Setup went smoothly, thanks in part to some at-home setup - before I left, I scrambled to get the drivers updated and tested.  The ZWO English software site was down, but I managed to find the Japanese version of the software page, where I was able to locate both the latest camera driver and the ASCOM driver, which were necessary to connect this new camera model to my computer.  (I had older versions of both drivers that I had used last May at the Texas Star Party to run the ZWO guide camera I borrowed from my minion Miqaela).  Crisis averted!

My new ZWO ASI1600MM Pro attached to the Vixen 140mm refractor I borrow from my astronomy club.

The atmosphere wasn't great - I was getting around 2.8 for the FWHM of the star I was focusing my guide camera on, and the guiding was bouncing all over the place with a RMS error bigger than 2 arcescs, which lead to unstable guiding (even with 3-second exposures) that squished my stars this way and that way on all of the subframes, but being under a full moon anyway, I was less concerned with that because the main goal was to test out the camera.

I first tried the Horsehead & Flame Nebulae, but they were not bright enough to shine through the moonlit sky, even with a 5-minute exposure.  So next door to the Orion Nebula I went!  I decided to take 60-second subframes since I didn't want too much background light from the moon.  I also took a series of 5-second luminance subframes to composite with the 60s ones so show detail in the core  of the nebula, which was waaaay blown out in such a sensitive camera at 60 seconds.

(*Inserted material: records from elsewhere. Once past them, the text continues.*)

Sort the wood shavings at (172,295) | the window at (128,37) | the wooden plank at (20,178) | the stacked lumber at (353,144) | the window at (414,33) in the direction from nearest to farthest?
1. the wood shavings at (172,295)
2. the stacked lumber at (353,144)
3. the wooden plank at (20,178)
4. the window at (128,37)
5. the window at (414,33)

60-second luminance frame, stacked (39x60s), stretched 

5-second luminance frame, stacked (45x5s), stretched

I tried a technique from this video by David Rankin to blend the two luminance frames in order to capture the dimmer areas and finer detail of the 60s image with the detail in the brightest parts of the nebula of the 5s image.  It worked quite well, and was pretty easy!

After stacking and stretching the red, green, and blue channels, I combined them into one image in Photoshop (I will eventually write a tutorial on this once I have more practice), added the composited luminance frame on top and set the layer type to Luminosity, and set to work tweaking the Levels, Curves, and Hue/Saturation to my liking.  The colors came together amazingly well - I used my new Astronomik LRGB Type 2c filters, which say they are designed to be color-balanced in sRGB space, the standard color space.  That definitely proved to be true - I had to do very little adjustment of the colors, really just reducing their presence in the background (from the moonlight and light pollution). 

All right, here it is!
Date: 2 March 2018
Object: M42 Orion Nebula
Camera: ZWO ASI1600MM Pro
Telescope: Vixen 140mm neo-achromat
Accessories: Astronomik LRGB filters
Mount: Losmandy Gemini II
Guide scope: Celestron 102mm
Guide camera: QHY5
Subframes: L: 39x60s (39m)
                                       L: 45x5s (3m45s)                   
                                    R: 26x60s (26m)                  
                                  G: 26x60s (26m)                 
                 B: 22x60s (22m)
Total time: 1h57m
Gain: 139 (unity)
Stacking program: DeepSkyStacker
Stacking method (lights): Auto-Adaptive Weighted Average (x5)
Darks: 25 (60s)        
 30 (5s)
Biases: 21
Flats: 0
Temperature: -30C (chip), 29F (ambient)

The fine details in the nebula clouds are so amazing!  No longer are they lost due to noise.  I didn't have to do any noise reduction on this image, even with the short exposures.  I feel like I can reach out and touch it!  I also saw that if I crank up the exposure a ton (which makes it look kind of terrible), I also caught a lot of the very dim background of this nebula, so maybe I'll do some much longer exposure images of it as well and composite those together to make a very high dynamic range image.  Also, the giant blue stars are a result of using an achromatic refractor-type telescope, so at some point I'll need to image this again with my apochromatic Borg to get some better-looking stars.  But anyway, despite a full moon, I am super happy with this image, and can't wait to see what else I can do with this camera!  Time to take things to the next level!